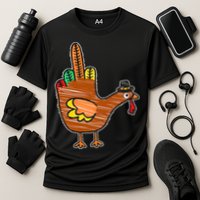 Thanksgiving Turkey Bird Middle Finger Cooling Performance Crew T-Shirt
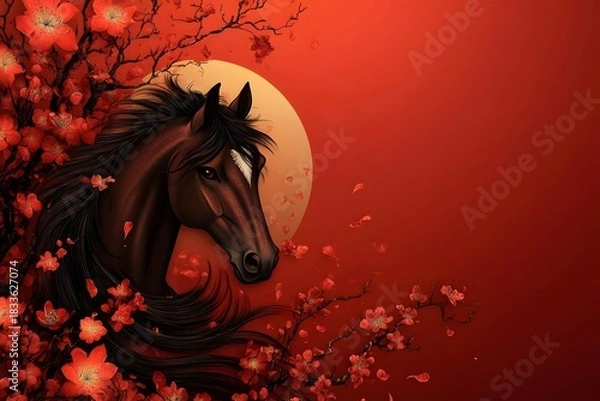 Fototapeta Elegant horse & Lantern Poster for 2026 New Year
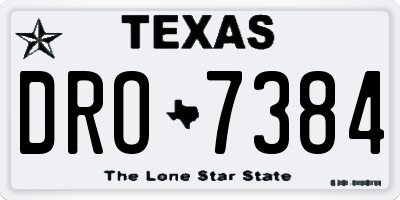 TX license plate DRO7384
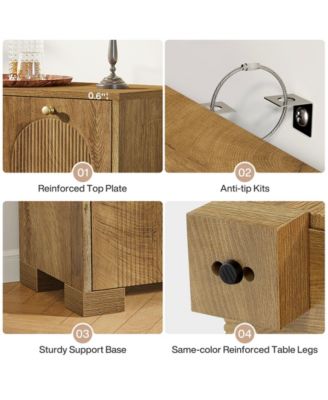 59" Sideboard, 4-Door Storage Cabinet with Shelves, Buffet TV Stand, Modern Vintage Coffee Bar Cabinet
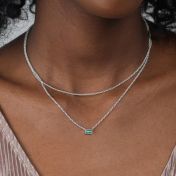 Green Emerald Sterling Silver Necklace for Women 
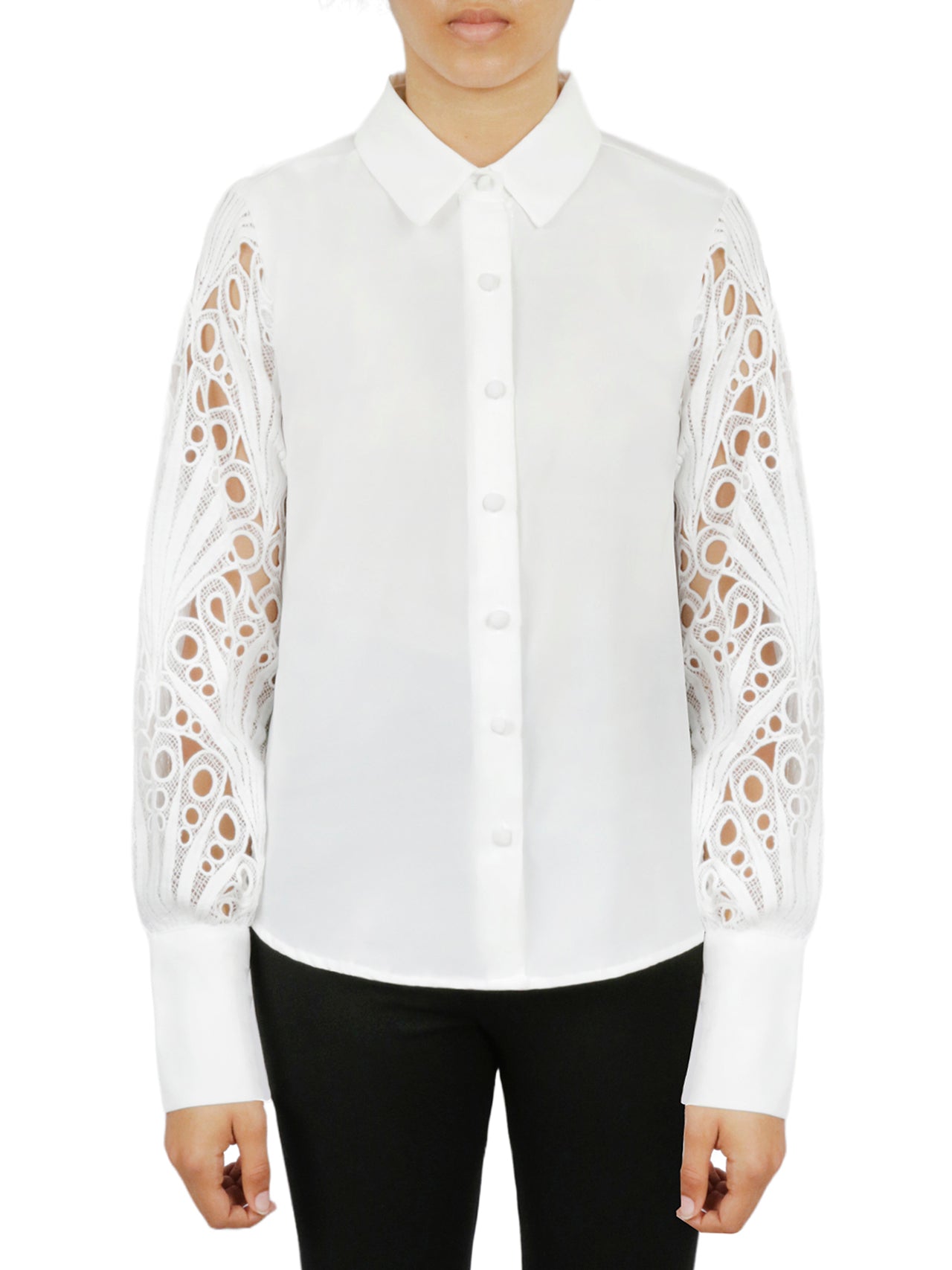  Miss Selen Cutout Sleeve Button Down - Black - Bonton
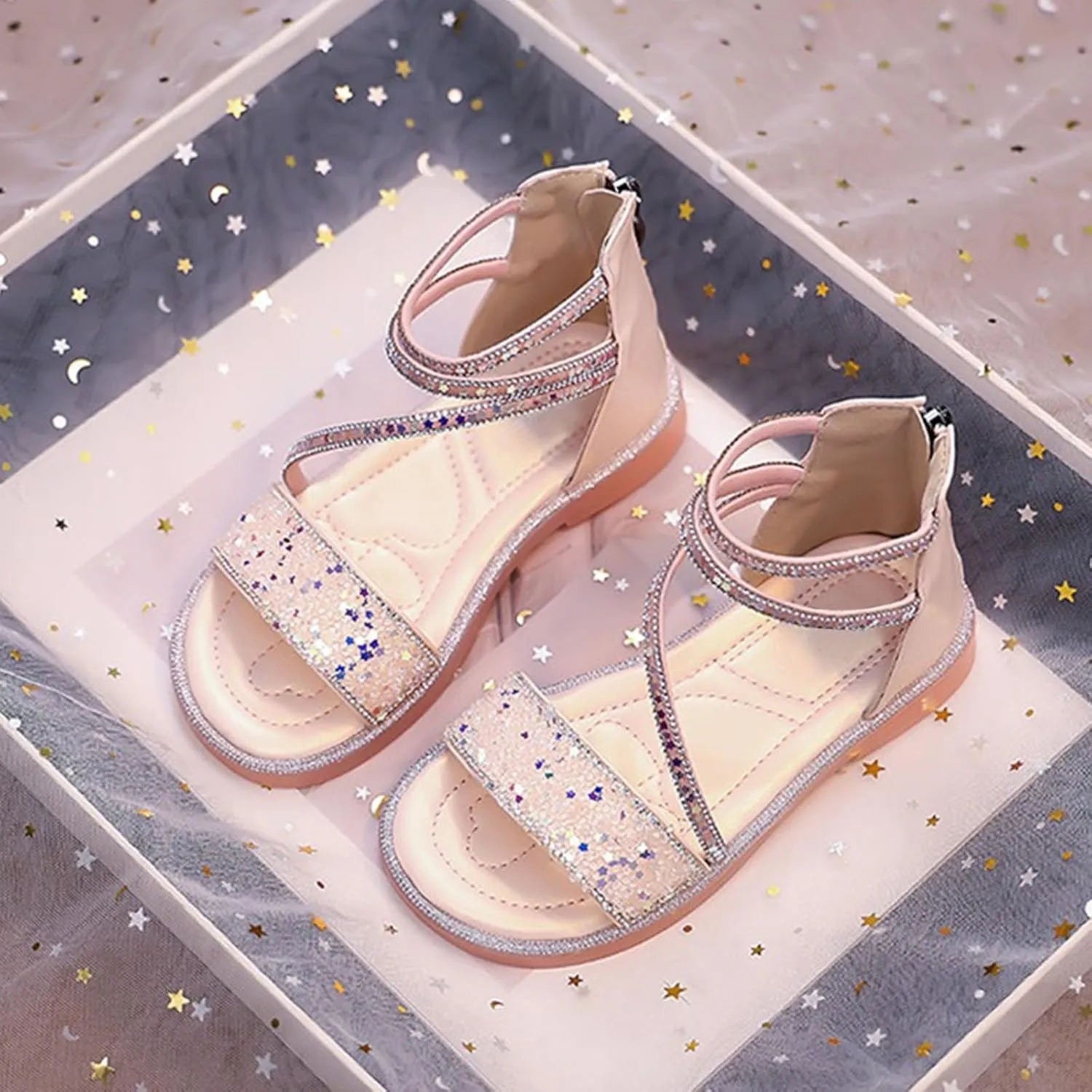 Girls Star Glitter Ankle Sandals Flat Open Toe Wide Shoes Kids Toddler Sole Rubber Soft Lightweight Sandals Comfy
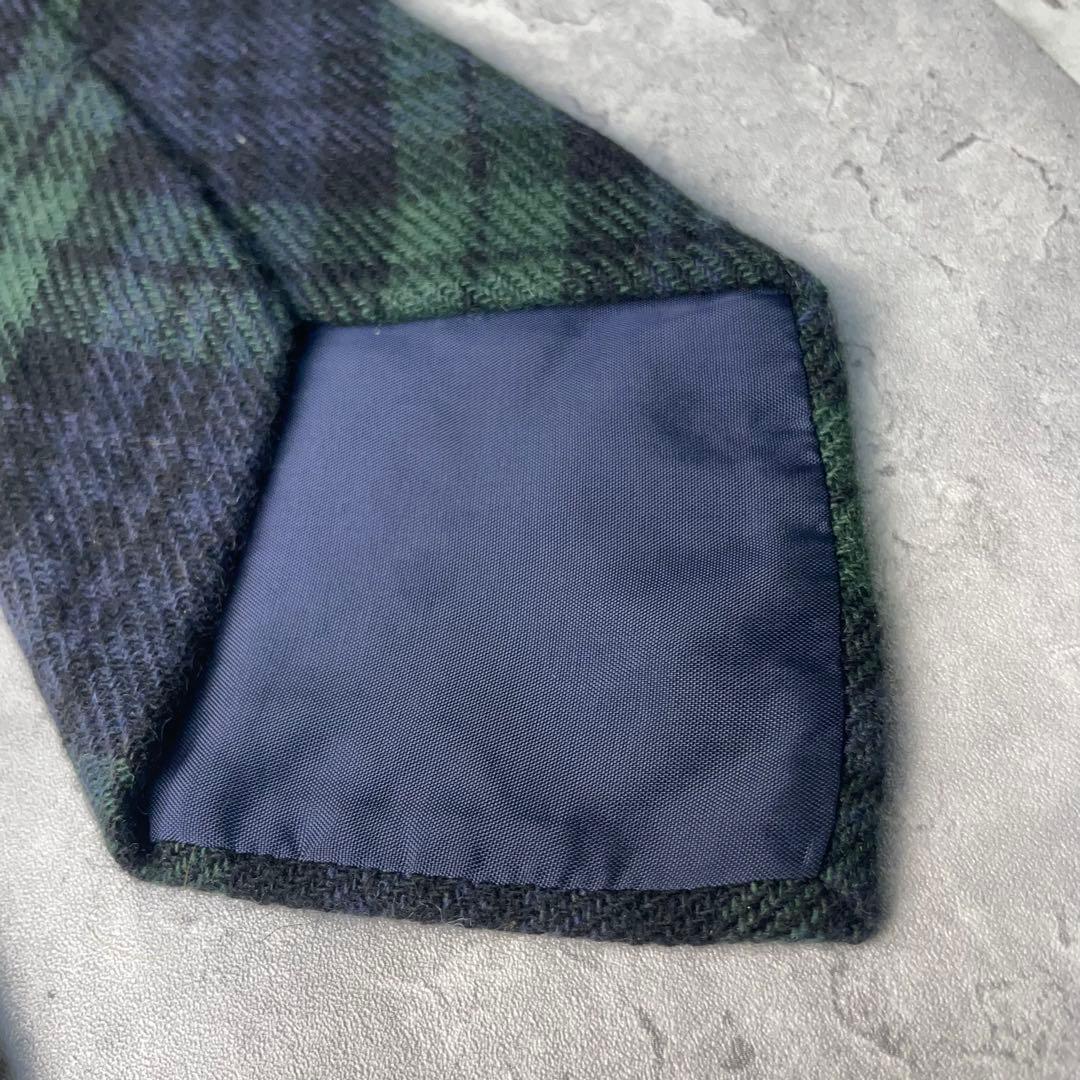 美品 Ralph Lauren ブラックウォッチ カシミヤ ネクタイ グリーン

####################

Pictures are not part of the answer. Restate word for word the lines from the one with "TX license plate DRO7384" through the last line of the records.

● REPLY TO THE EXERCISE
 TX license plate DRO7384
 59" Sideboard, 4-Door Storage Cabinet with Shelves, Buffet TV Stand, Modern Vintage Coffee Bar Cabinet
 Green Emerald Sterling Silver Necklace for Women 
  Miss Selen Cutout Sleeve Button Down - Black - Bonton
 Girls Star Glitter Ankle Sandals Flat Open Toe Wide Shoes Kids Toddler Sole Rubber Soft Lightweight Sandals Comfy
 美品 Ralph Lauren ブラックウォッチ カシミヤ ネクタイ グリーン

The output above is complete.